I've started a new thread to seperate from the not-currently-a-vendor vendor because maybe it's the same organisation, maybe its different, maybe they are victims/scape goats of a scam. Right now anything is possible.

While the other vendor is registered in SA, with SA contact details, the domain Golisi.co.za has been registered through an anonymous domain provider (see image).

This is dodgy as all heck. Also, it is potentially against the rules/law for a .co.za domain. I sit to correction on that point. 




The questions so far...
Who the heck is behind Golisi.co.za?
Why do they expect to take customers money whilst hiding their identity?
Does the other vendor genuinely claim to be official (?sole?) distributors of the Golisi brand in SA? 
When is @Rob Fisher getting his batteries!!!

If I get a chance, I'm going to poke around the HTML on their websites, see if any quirks stand out.

Reactions: Agree 4 | Winner 1 | Informative 1


----------



## Stosta (25/7/18)

craigb said:


> When is @Rob Fisher getting his batteries!!!



The crux of the matter!


----------



## Rob Fisher (25/7/18)

Yip, I went looking for phone numbers and spotted that too. Dodgy as hell!

I also ignored a rule of mine never to order from a website without a contact number and an about section telling who is who in the Zoo!


----------



## craigb (25/7/18)

Well @Rob Fisher , do you speak German?

Looks like the .co.za might be run by or is at least associated with the company that runs Golisi.de

Which is why the Golisi.co.za domain registration details are privacy protected - it's a result of the recently inflicted EU privacy laws.

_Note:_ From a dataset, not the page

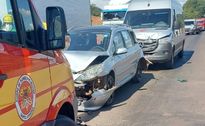 Acidente na BR-282 envolve três veículos e deixa um ferido em Maravilha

House of Vape GmbH & Co. KG 
Golisi Division DA-CH 
Radolfzeller Str. 5 
DE - 78333 Stockach 
- hereinafter referred to as "Golisi DA-CH" -

www.house-of-vape.de

Reactions: Informative 1


----------



## JurgensSt (25/7/18)

My order was placed on hold from them until I sorted my problem with the other vendor.

Please keep us up to date on what you find out


----------



## Faiyaz Cheulkar (25/7/18)

It's common to hide ur contact details to avoid people from doing a whois lookup and getting ur information. When I was registering a .co.za domain GoDaddy gave me that option, I dint choose it because it was at an additional cost. Are u sure @craigb it's against south African law? Because if it is I am thinking how come a reputed web services provider like GoDaddy offering that service.


----------



## RainstormZA (25/7/18)

But domain hosting is in Ontario, Canada


----------



## craigb (25/7/18)

Faiyaz Cheulkar said:


> It's common to hide ur contact details to avoid people from doing a whois lookup and getting ur information. When I was registering a .co.za domain GoDaddy gave me that option, I dint choose it because it was at an additional cost. Are u sure @craigb it's against south African law? Because if it is I am thinking how come a reputed web services provider like GoDaddy offering that service.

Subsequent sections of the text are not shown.